E, erguia-se rapaz bonito todo de branco, a brilhar ia cear com a mãe tapuia e o couro ficava a esperar...

O corpo da cobra ficava estirado no paranã: norato tinha que meter-se nele à primeira luz da manhã

E o norato metia-se, naquele couro antes do cantar do galo, de manhã e, então a cobra ganhava vida e mergulhava nas águas do paranã

E assim viveu, encantado um moço infeliz pelo fato de querer ser gente, mas era somente a grande cobra norato

Norato só fazia o bem para as gentes ribeirinhas salvou gentes, venceu peixes expulsou as piranhinhas

Certa feita ele lutou,Por três dias e três noites

E o rio trombetas chorava, Enquanto dava dentadas e açoites

E a luta durou tanto, até -sabe quando ela parava? -quando o espírito medonho para os infernos se mandava!

Já a Maria Caninana Vivia a fazer maldades Alagava embarcações Apavorava os arrabaldes

Fazia os ribeirinhos Viverem sempre com medo Matava gente a pescar E se mostrava, sem segredo.

E nunca procurou a tapuia Que no Tejupar morava E nunca ajudou um náufrago -Na verdade ela os atacava!

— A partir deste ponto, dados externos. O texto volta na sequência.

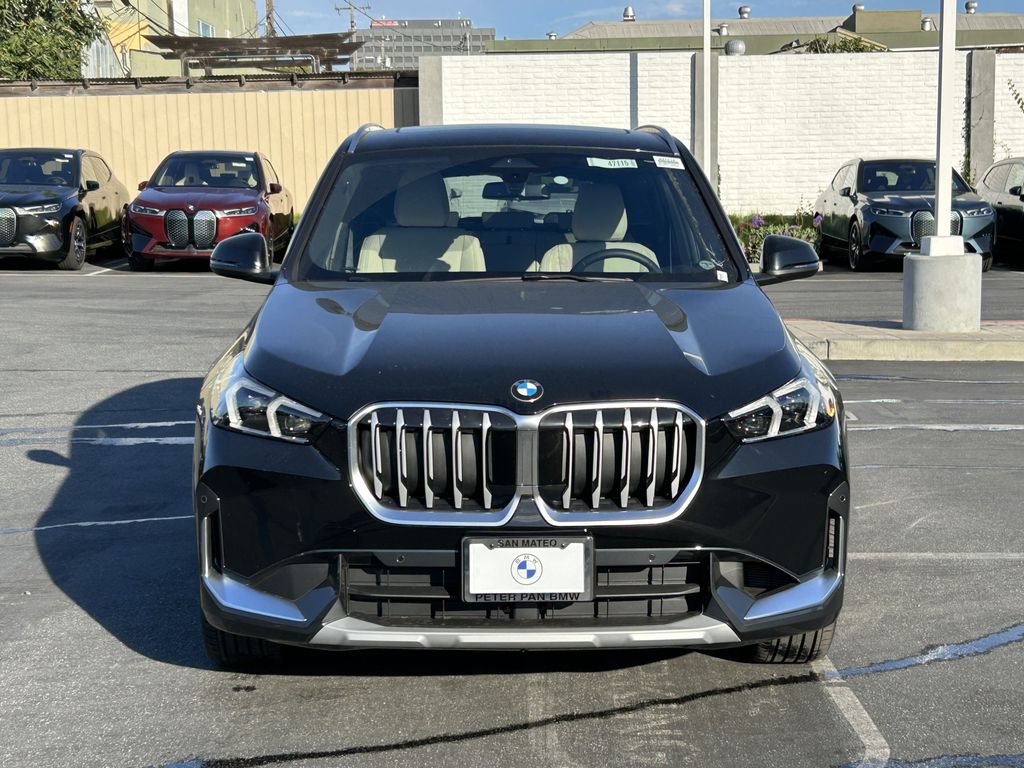 2025 BMW X1 xDrive28i 8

Hoje em dia contam que Lá em Óbidos, no Pará Debaixo de uma igreja Uma grande caverna há

Lá, uma grande serpente está dormindo

Com a cauda no rio, cabeça debaixo do altar

Encantada pela Senhora sanfana

Dizem que a terra racha, se alguém a serpente acordar

Caninana mordeu a cauda da serpente

Mas a serpente não acordou

Ela apenas se mexeu,

E foi assim que a terra rachou

E a terra rachou de verdade Desde o mercado até a matriz Mas, ela queria derrubar a igreja Só não conseguiu por um triz

Nisso chegou o Norato E matou a sua malvada irmã E ficou por ali, brincando Nos igarapés do paraná

A partir desse dia, todos viram Que o Norato era do bem E nas festas de potirúm de farinha O Norato era recebido também

E o Cobra Norato só desencantava Quando os acauãs paravam de cantar E só então, todas as moças das festas, Finalmente sua beleza podiam admirar

E, de branco ele dançava Sorria, mostrava os dentes Conversava com os rapazes E todos ficavam contentes

Porém, quando o dia ia chegando

Norato cumpria o destino com destemor

E metia-se naquele couro, brilhante

E, da cobra mergulhando, ouvia-se o rumor

Uma vez cada ano o Norato Um amigo ele convidava Queria que desencantassem E que a cobra matassem

E para quebrar o encanto O Norato então explicava Que esperassem a cobra dormir Quando a boca ela escancarava

E na boca desta besta fera Qual relâmpago, com açoite A cobra mostrava os dentes Brilhando à prata dentro da noite

E para desfazer o encanto Aquele que coragem tiver Tinha que pingar três gotas de leite Tiradas do seio de uma mulher

E depois que cobra acordava Arrotando o veneno de mulher gente Tinham que feri-la com um cutelo De ferro virgem, evidentemente

A cobra se contorceria Lamentando sua ferida Fecharia a boca ensanguentada E Norato seria homem o resto da vida

Se alguém tivesse coragem Para queimar essa serpente Tudo estaria resolvido E a mãe tapuia ficaria contente

E dizem que gente em profusão Para ajudar o Norato Levavam aço virgem e leite E olhavam a cobra no mato

E a cobra era tão grande e feia Que a todos ela assombrava E mesmo ela dormindo, o povo Um herói ninguém encontrava

A própria tapuia tentou Mas, na hora teve medos Deixou cair no chão o leite E o cutelo, por entre seus dedos

E o cobra Norato continuou nadando E assobiando na imensidão Do Amazonas e do Trombetas Indo e vindo, sem remissão

Num festim de putirúm famoso Nadando pelo Tocantins e Cametá Deixou o corpo na beira do rio E foi lá beber, dançar e conversar

Ele conheceu um homem valente

Que , por acaso era soldado

E pediu que o desencantasse

O soldado levou leite e um machado

E o soldado viu a cobra dormindo Estirada como morta no barranco A cobra estava com a boca aberta E o soldado era bravo e franco

Desceu o machado com vontade No cocoruto da cabeça acertou O sangue encantado marejou

A cobra sacudiu e parou

Honorato deu suspiro de alivio Até veio ajudar a queimar o couro Da cobra onde vivera tantos anos Para ele, a vida era um tesouro

Dizem que o Norato morreu tarde Lá para os lados do Cametá Mas, seu espírito vive nos rios Ainda virgens, no Estado do Pará

Não há no Pará um só ser que ignore A vida da Cobra Norato naquelas paragens São estórias, são causos, são crendices São espíritos vistos pelas margens

Ainda hoje se escuta os canoeiros Batendo a jacumã, fazendo relato Indicando as paragens inesquecidas: -Ali passava, todo dia, a cobra Norato!